GenX and the Love of Hip Hop
Let’s talk about hip hop. I absolutely love this genre of music especially having grown up in the 1980’s and 1990’s. I know. I know. Some of the newer generation would consider us born in the 1900’s to be ancient. Crazy right!? But hey, our music selection was top tier. Unlike most of what is played on the radio today, which to me sounds like gibberish, hip hop back in the day was lively, and made you think.
I grew up listening to icons such as MC Lyte, Run DMC, Eric B & Rakim, Big Daddy Kane, Salt N Pepa, Heavy D, and Doug E. Fresh, just to name a few. Even now when I hear their songs, which are in high rotation in my playlist, it takes me back to a simpler time. I remember the movie Brown Sugar starring Sanaa Lathan and Taye Diggs, and in the movie she asked, “When did you fall in love with hip hop?” As I think about that question, it reminds me of playing double dutch outside in the summer, hopscotch, and watching the boys on the basketball court. You could always count on someone having a radio playing hip hop. Nostalgia. The smells.
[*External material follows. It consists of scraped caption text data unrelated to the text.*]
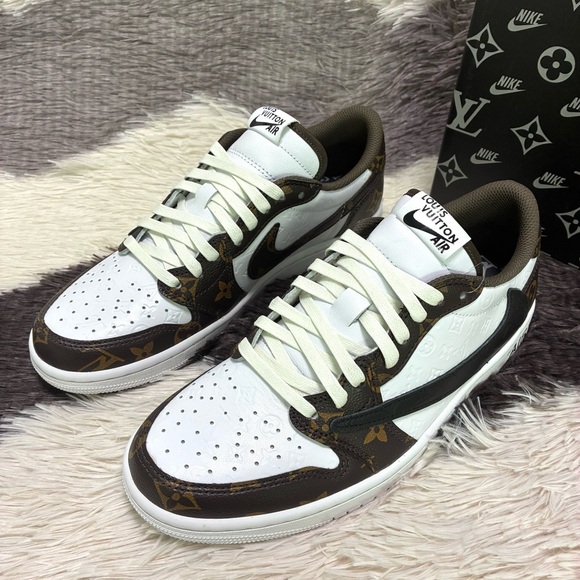 Louis Vuitton Other - Air Jordan 1low LV og Brown old flower panels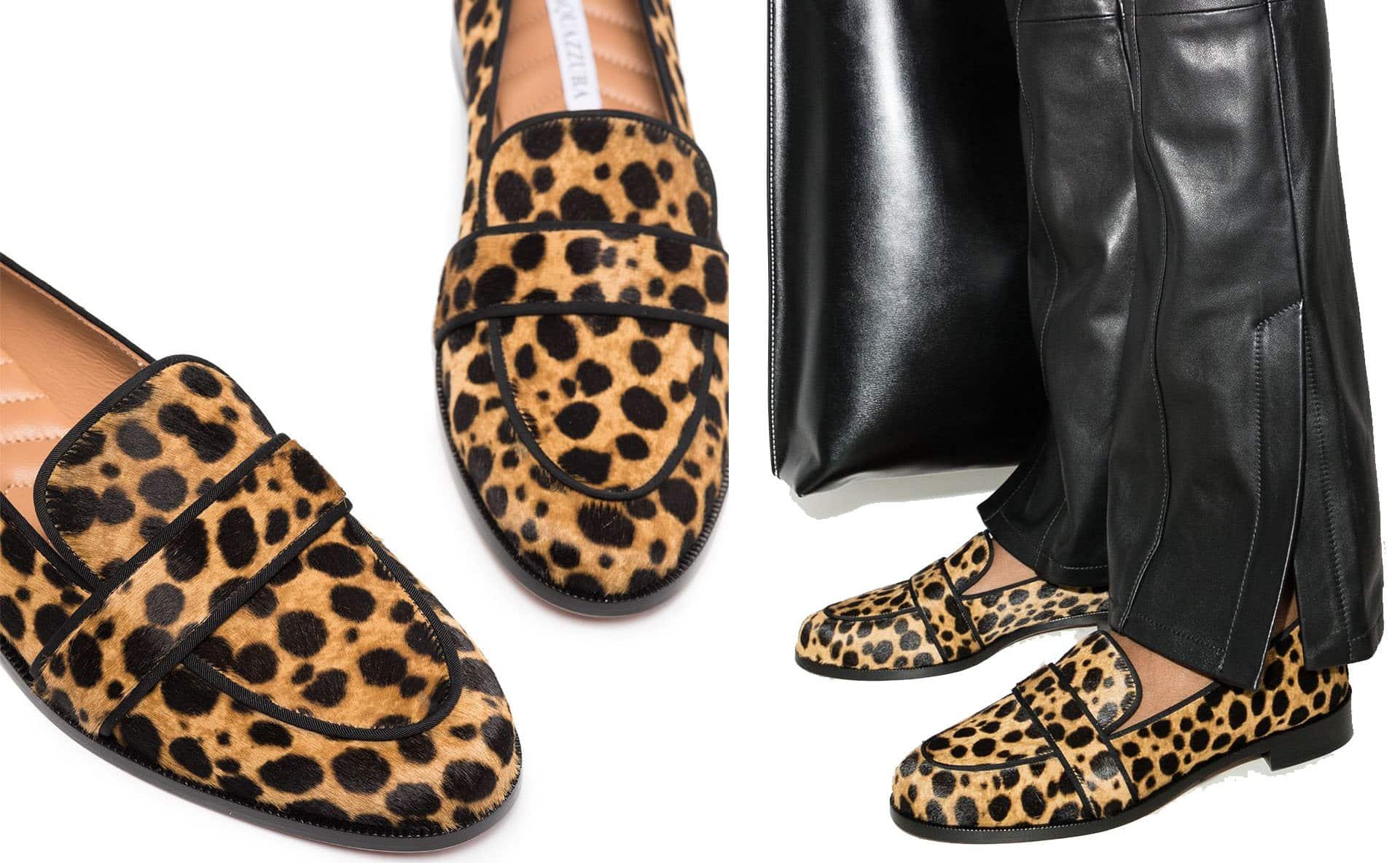 Cheetah prints feature bold black spots that exude sophistication, perfectly showcased in Aquazzura's chic Martin flat loafers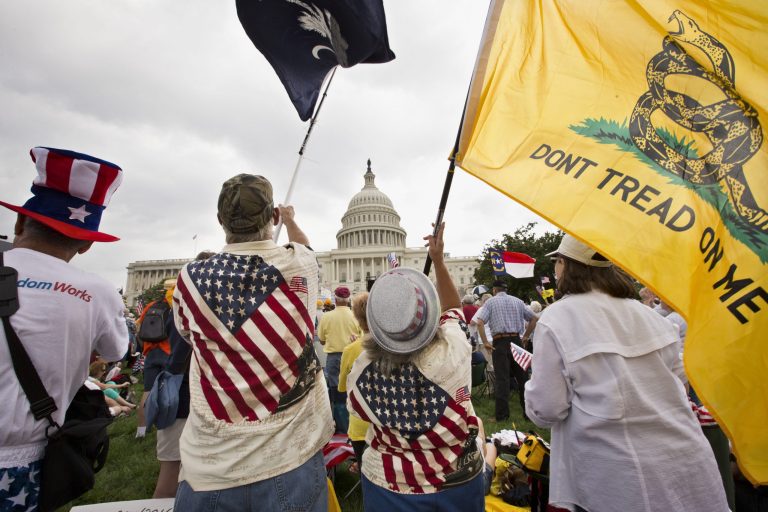 AP/J. Scott Applewhite 
Tea party activists attend a rally on the grounds of the Capitol in Washington on Wednesday.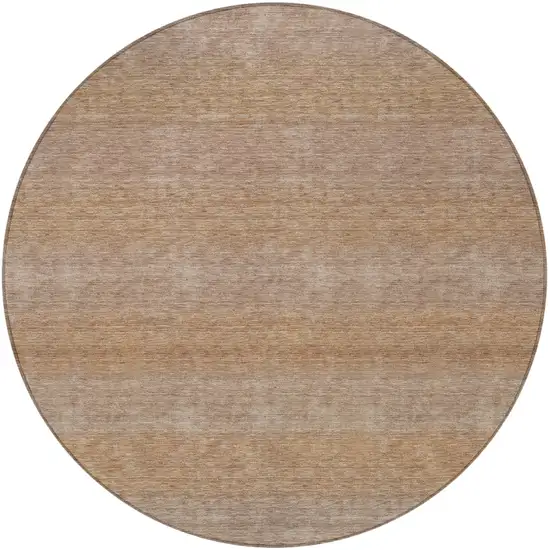 8' Beige And Brown Round Striped Washable Indoor Outdoor Area Rug Photo 4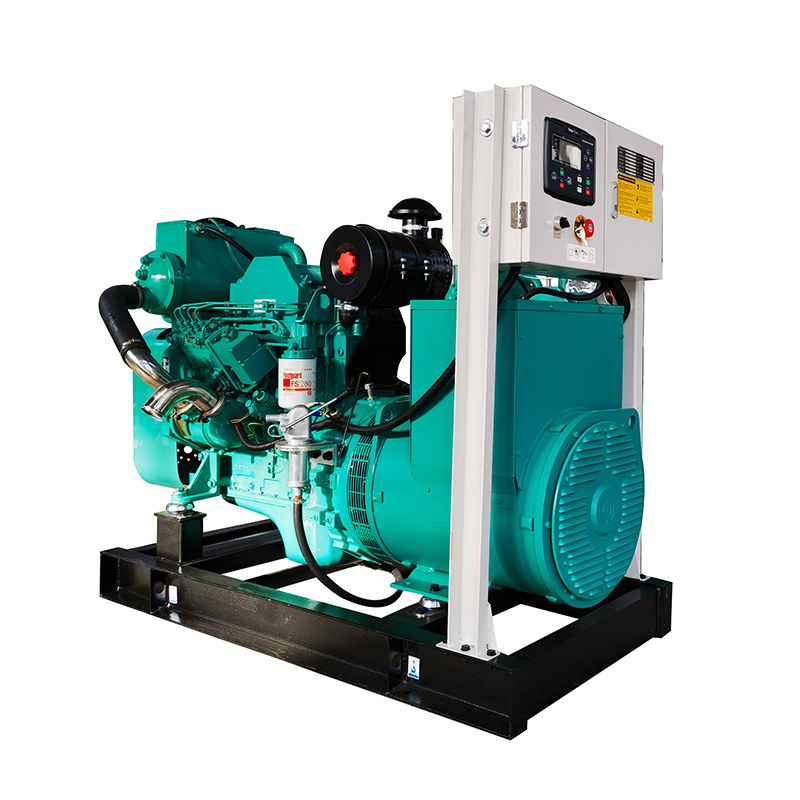 20kw 25kw 30kw 50kw 60kw Sea water cooled open silent type single phase cummins engine marine diesel generator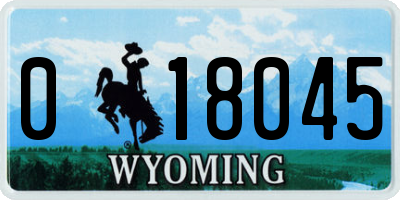WY license plate 018045
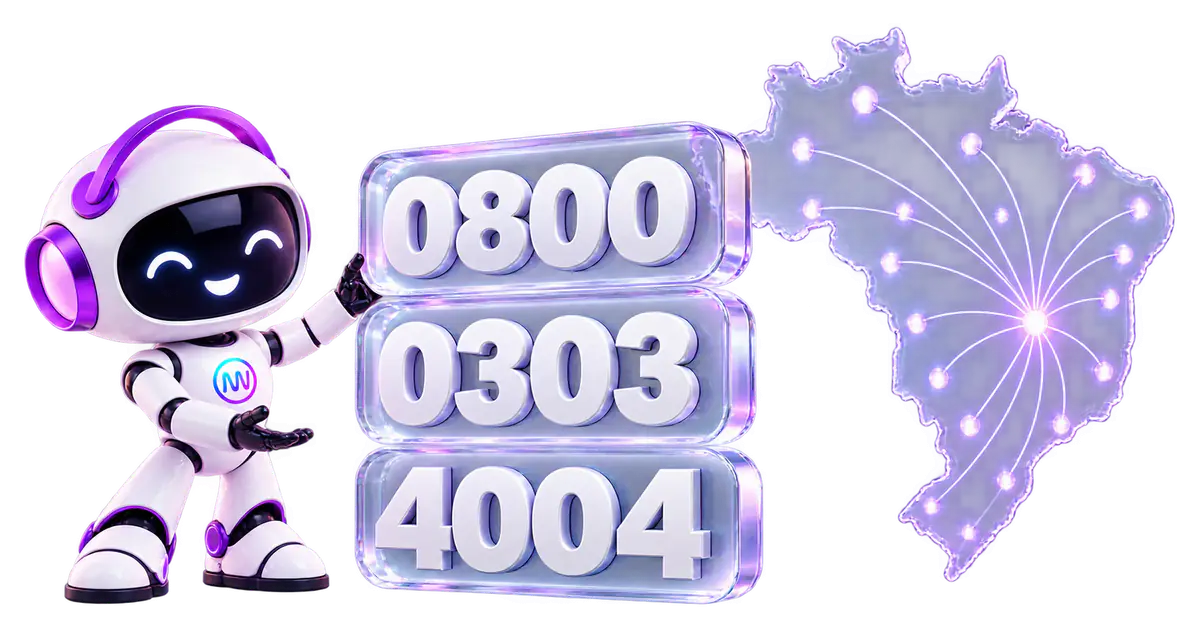 Vitória apresenta os números 0800, 0303 e 4004 diante de um mapa conectado do Brasil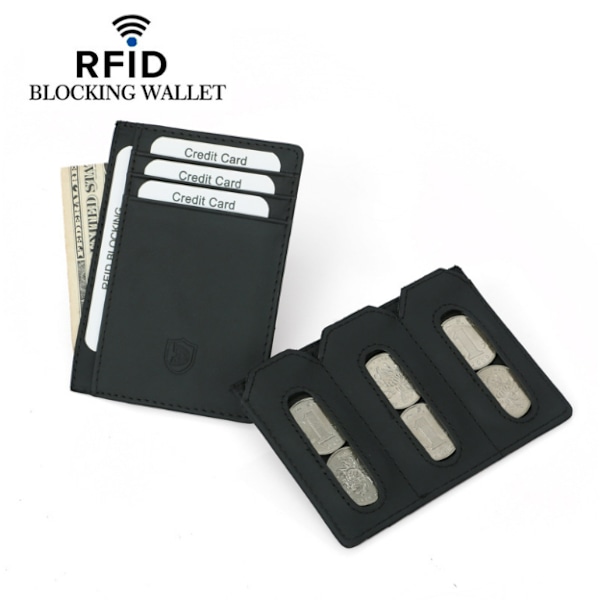 RFID-blokerende læderpung - slankt og kompakt design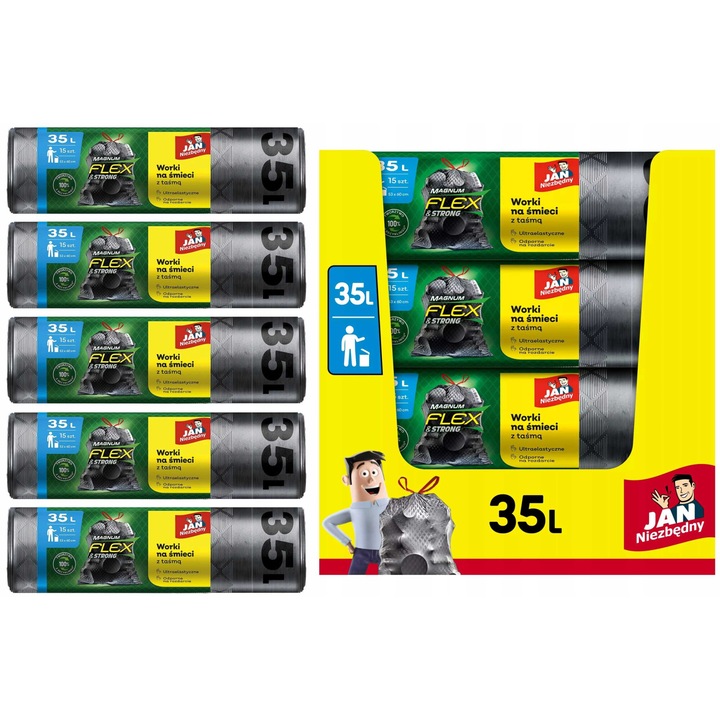 Jan Niezbedny Magnum Flex 35L торби за боклук, комплект 15 бр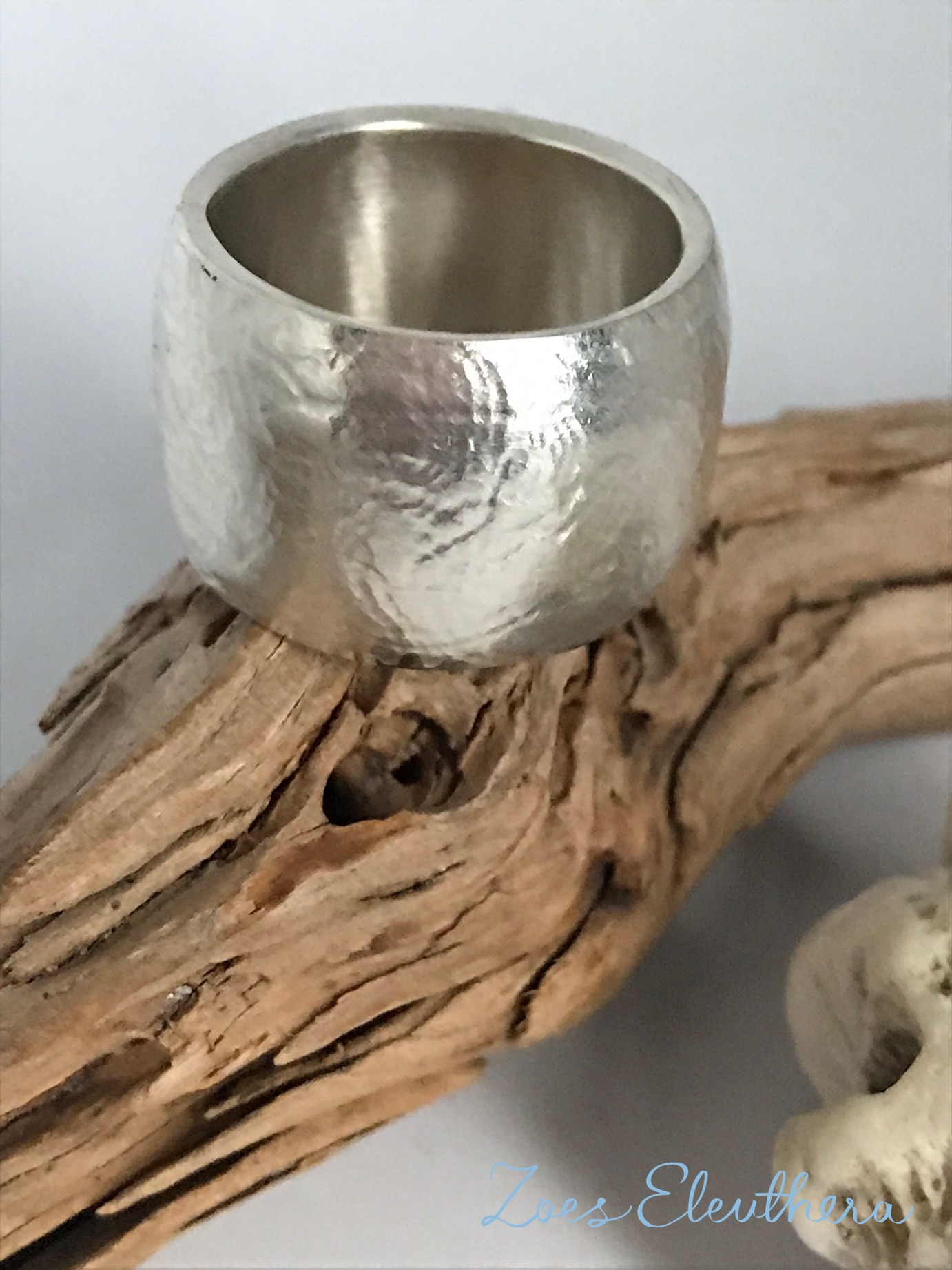 Ring Silber konvex Struktur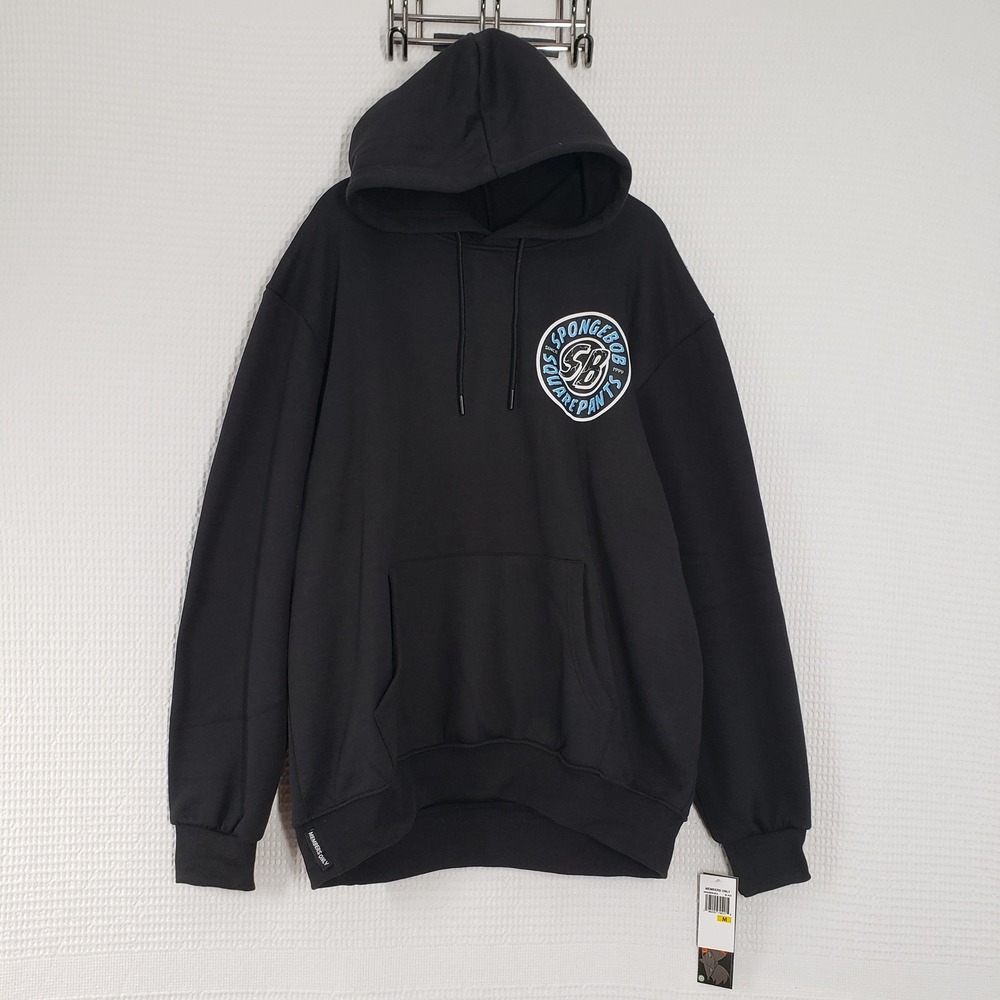 Members Only Spongebob Squarepants Hoodie Sweatshirt Mens Medium Black Oversized - Picture 2 of 16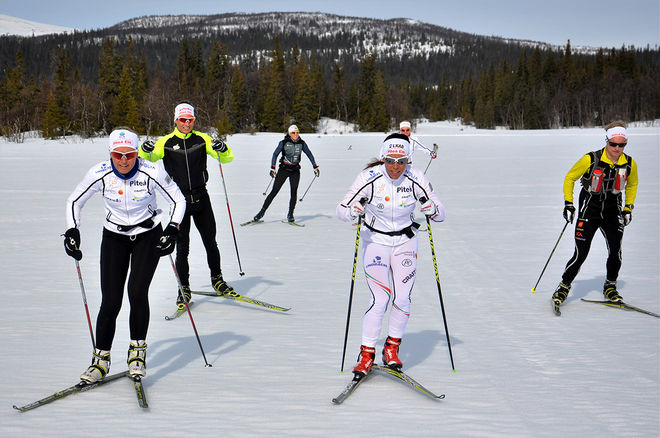 PITEÅ ELIT, med Magdalena Pajala och Charlotte Kalla i täten stormar fram på Saxnäs-lägret. Foto: HÅKAN SVENSOSN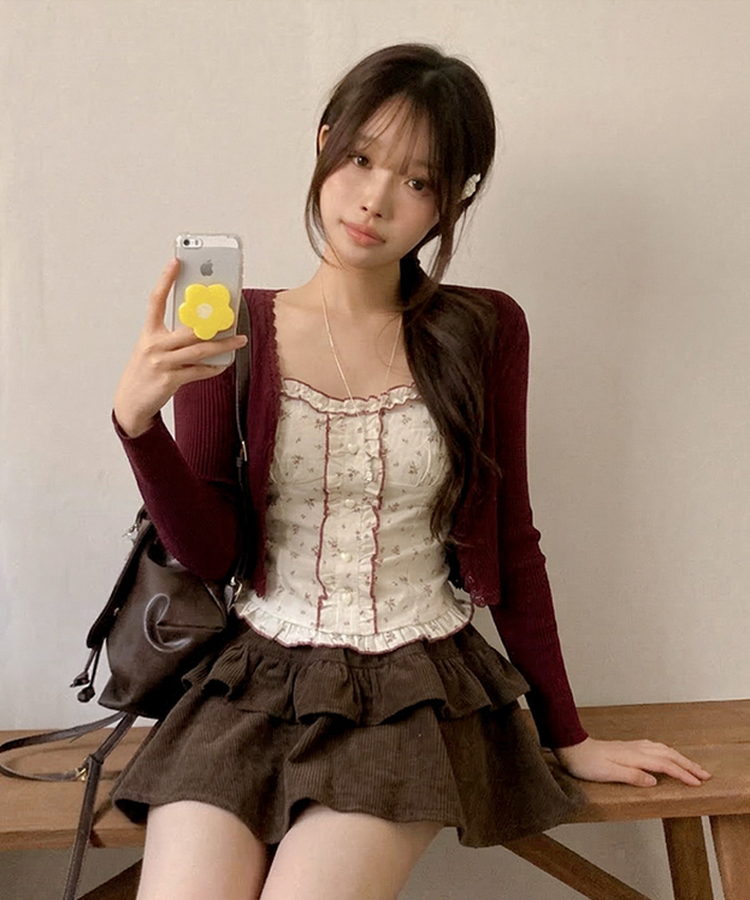 [나시 가디건SET!] 잔꽃 하트버튼 나시 가디건 투피스 세트 레드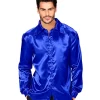 Kostüm; 70er Disco Hemd, blau  Größe: M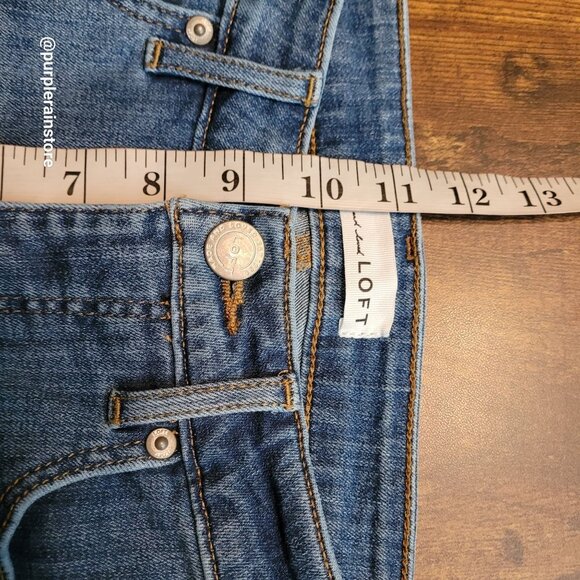 Loft Jeans Sz 4 Curvy Skinny Mid Rise Fringe Tier Hem Tummy Control - Picture 9 of 13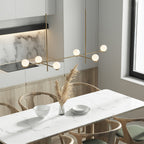 Moderne Hanglamp Met Glazen Bollen En Asymmetrisch Frame Voor Sfeervolle Verlichting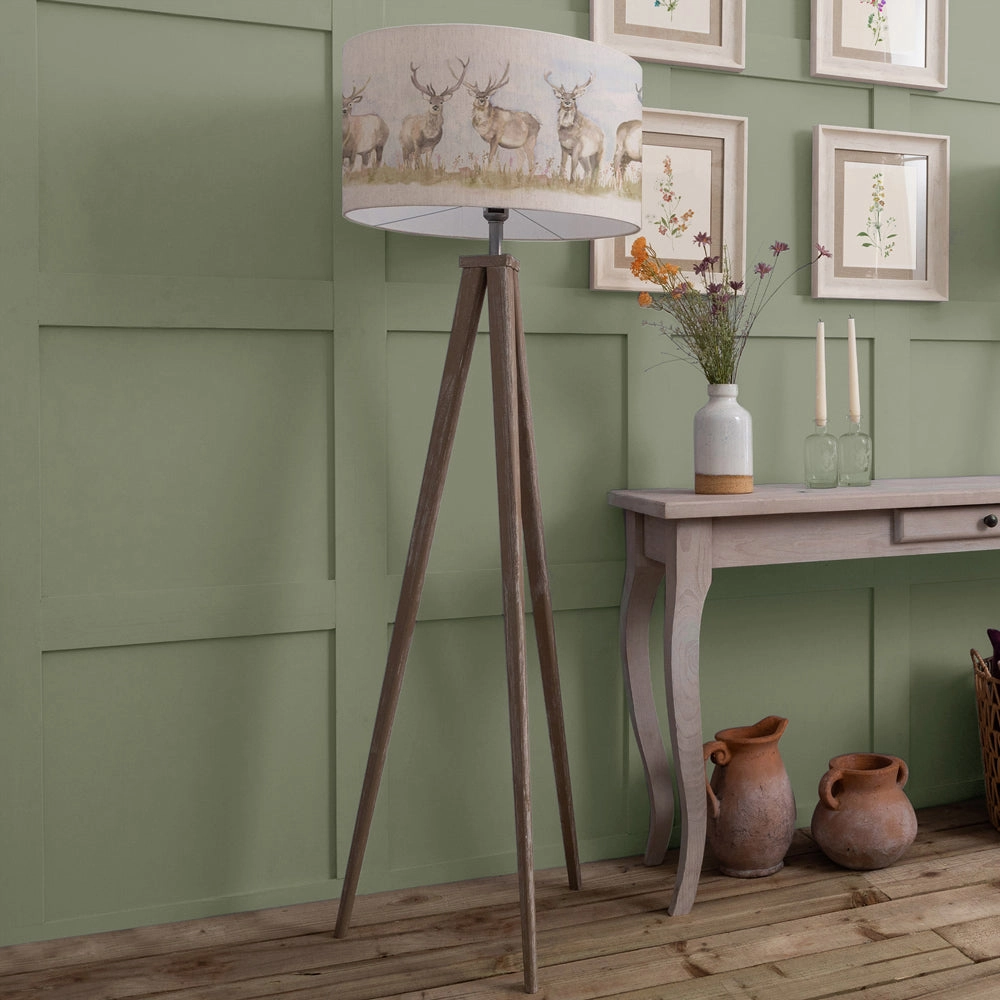 Moorland Stag Eva & Aratus Complete Floor Lamp Grey/Linenhome decor ,wall decor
The sounds.
For me, hip hop is about transcendence. Transcendence of a culture expressing its realities lyrically over a dope beat. It often tells the story of love and life. The love of money, the love of the streets, the love of family, the love of everything. Life experiences and realities. Hip hop draws you in like a good book. It consumes you.
Hip hop has even catapulted some companies into the billion-dollar companies that we see today. That’s not to say that these companies would not be successful had it not been for hip hop, especially considering that many of these companies had been around before hip hop truly hit the scene. But let’s be real, we would be re-missed to ignore the fact that hip hop did in fact save and increase the net worth of some of these companies.
I have been blessed to travel around the world, and one cannot go to a corner of the world where they do not love and appreciate hip hop because it is a culture that embraces and embodies you. So, to answer the question, “when did you fall in love with hip hop?” I fell in love with hip hop back in 1988. What about you?